Binance, bursa kripto terbesar di dunia berdasarkan volume perdagangan, merilis audit baru pada hari Rabu dari firma audit keuangan, pajak, dan penasihat global Mazars yang menunjukkan bahwa cadangan bitcoin pelanggan Binance memiliki jaminan yang berlebihan.

“Pada saat penilaian, Mazars mengamati bahwa Binance mengendalikan aset dalam lingkup lebih dari 100% dari total kewajiban platform mereka,” kata Mazars dalam sebuah pengumuman.
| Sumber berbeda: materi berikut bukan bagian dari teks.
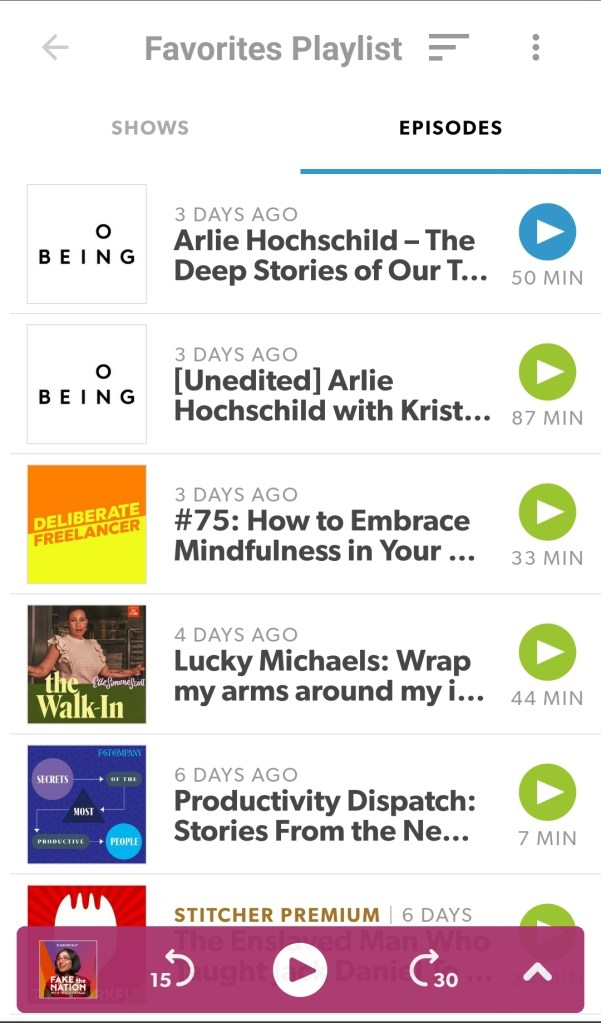 Snapshot of my Stitcher playlist.
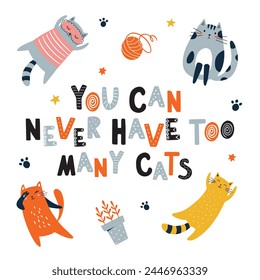 You can never have. Funny and cute red and black cat with text vector. Cartoon cats characters design collection with flat color in different poses. Set of funny pet animals on white background.
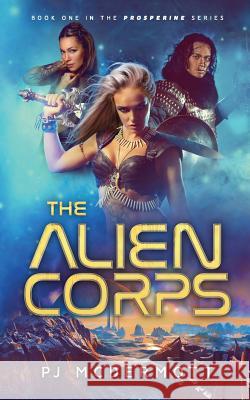 The Alien Corps Pj McDermott Tom Bentley 9780648092100 Patrick McDermott Publishing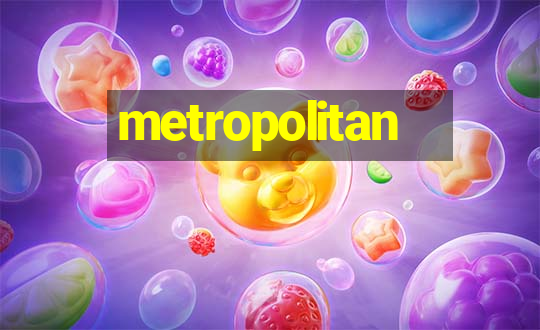 metropolitan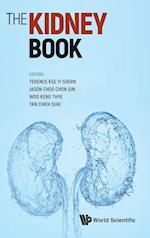 Kidney Book, The: A Practical Guide On Renal Medicine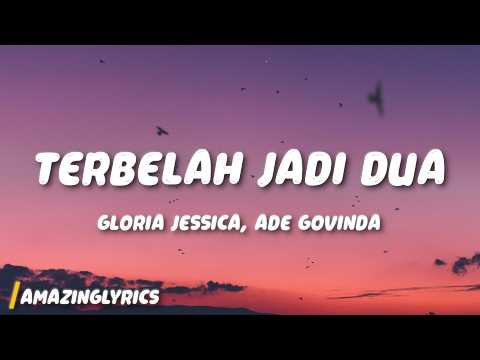 TERBELAH JADI DUA - GLORIA JESSICA, ADE GOVINDA (Lyrics)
Persentase pastinya adalah 101%.

Runtuhnya pertukaran kripto terpusat FTX karena masalah likuiditas membuat para pesaing bergegas untuk meningkatkan transparansi seputar cadangan keuangan mereka.

Laporan tersebut dimaksudkan untuk meyakinkan pelanggan bahwa aset bitcoin (BTC) mereka dijamin, ada di blockchain, dan berada dalam kendali Binance. Mazars mengambil gambaran total cadangan dan kewajiban Binance pada 22 November untuk melakukan analisis agunan. Aset yang termasuk adalah akun spot, opsi, margin, futures, pendanaan, pinjaman, dan penghasilan pelanggan untuk BTC dan bitcoin yang dibungkus (BBTC dan BTCB) yang disimpan di blockchain Bitcoin, Ethereum, BNB Chain, dan Binance Smart Chain.